##Model
Here we have ported the weights for the 16 and 19 layer VGG models from the Caffe model zoo (see link)
The model run script is included below (vgg_neon.py). This script can easily be adapted for fine tuning this network but we have focused on inference here because a successful training protocol may require details beyond what is available from the Caffe model zoo.
The trained weights file can be downloaded from AWS using the following links: VGG_D.p and VGG_E.p.
Testing the image classification performance for the two models on the ILSVRC 2012 validation data set gives the results in the table below:
------------------------------
| | Accuracy |
| Model | Top 1 | Top 5 |
------------------------------
| VGG D | 69.2 % | 88.9 % |
| VGG E | 69.3 % | 88.8 % |
------------------------------
These results are calculated using a single scale, using a 224x224 crop of each image. These results are comparable to the classification accuracy we computed using the Caffe model zoo 16 and 19 layer VGG models using Caffe Caffe model zoo.
We ran speed benchmarks on this model using neon. These results are using a 64 image batch size with 3x224x224 input images. The results are in the tables below:
----------------------
| Func | Time |
----------------------
| fprop | 366 ms |
| bprop | 767 ms |
| update | 19 ms |
----------------------
| Total | 1152 ms |
----------------------
-----------------------
| Func | Time |
-----------------------
| fprop | 452 ms |
| bprop | 940 ms |
| update | 20 ms |
-----------------------
| Total | 1412 ms |
-----------------------
The run times for the fprop and bprop pass and the parameter update are given in the table below. The iteration row is the combined runtime for all functions in a training iteration. These results are for each minibatch consisting of 64 images of shape 224x224x3. The model was run 12 times, the first two passes were ignored and the last 10 were used to get the benchmark results.
System specs:
Intel(R) Core(TM) i5-4690 CPU @ 3.50GHz
Ubunutu 14.04
GPU: GeForce GTX TITAN X
CUDA Driver Version 7.0
Make sure that your local repo is synced to the proper neon repo commit (see version below) and run the installation procedure before proceeding. To run this model script on the ILSVRC2012 dataset, you will need to have the data in the neon macrobatch format; follow the instructions in the neon documentations for setting up the data sets.

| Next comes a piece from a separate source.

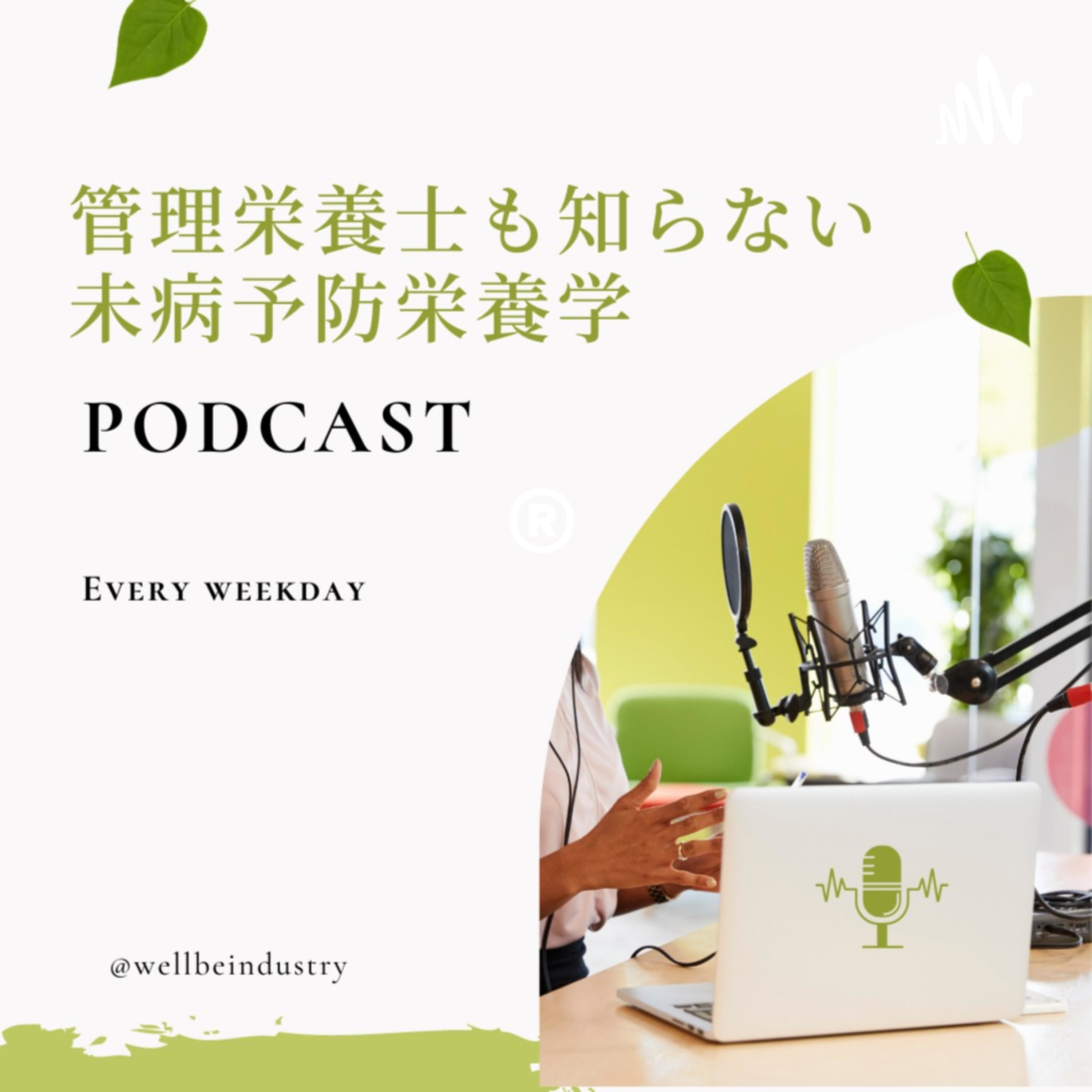 【#2 しゃべりが上手くなるには、どうすればいいですか？】 episode artwork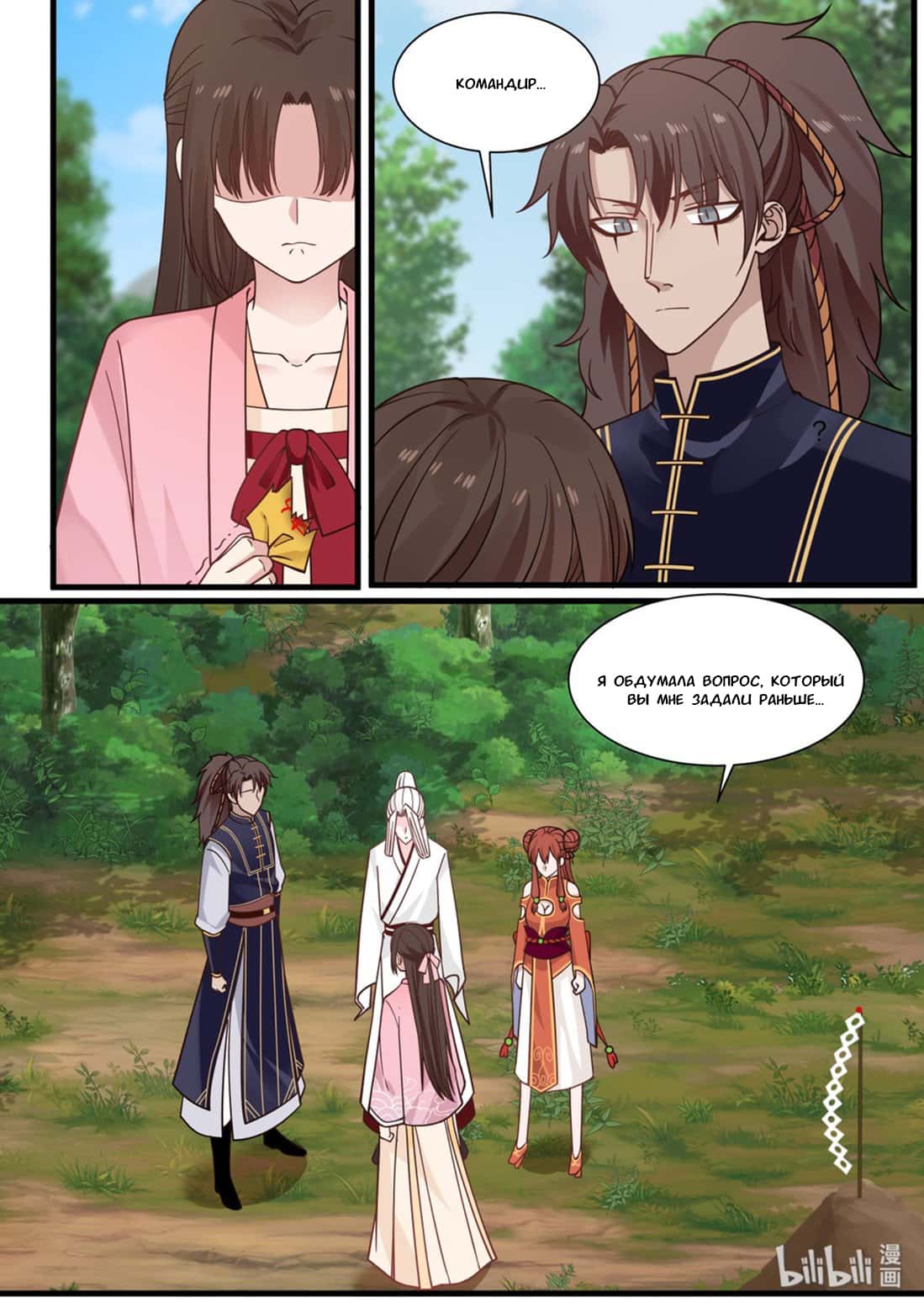 Манга Сянь Чаньну - Глава 38 Страница 7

If neon is installed into a virtualenv
, make sure that it is activated before running the commands below.
To run the evaluation of the model:
# for 16 layer VGG D model
python vgg_neon.py --vgg_ver D --model_file VGG_D.p -w path/to/dataset/batches -z 64 --caffe
# for 16 layer VGG D model
python vgg_neon.py --vgg_ver E --model_file VGG_E.p -w path/to/dataset/batches -z 64 --caffe
Note that the --caffe
option is needed to match the dropout implementation used by Caffe.
The batch size is set to 64 in the examples above because with larger batch size the model may not fit on some GPUs. Use smaller batch sizes if necessary. The script given here can easily be altered for model fine tuning. See the neon user manual for help with that.
Neon version: commit SHA e7ab2c2e2.
Very Deep Convolutional Networks for Large-Scale Image Recognition
K. Simonyan, A. Zisserman
arXiv:1409.1556
For the model weight files please abide by the license posted with the Caffe weights files: http://creativecommons.org/licenses/by-nc/4.0/ (non-commercial use only)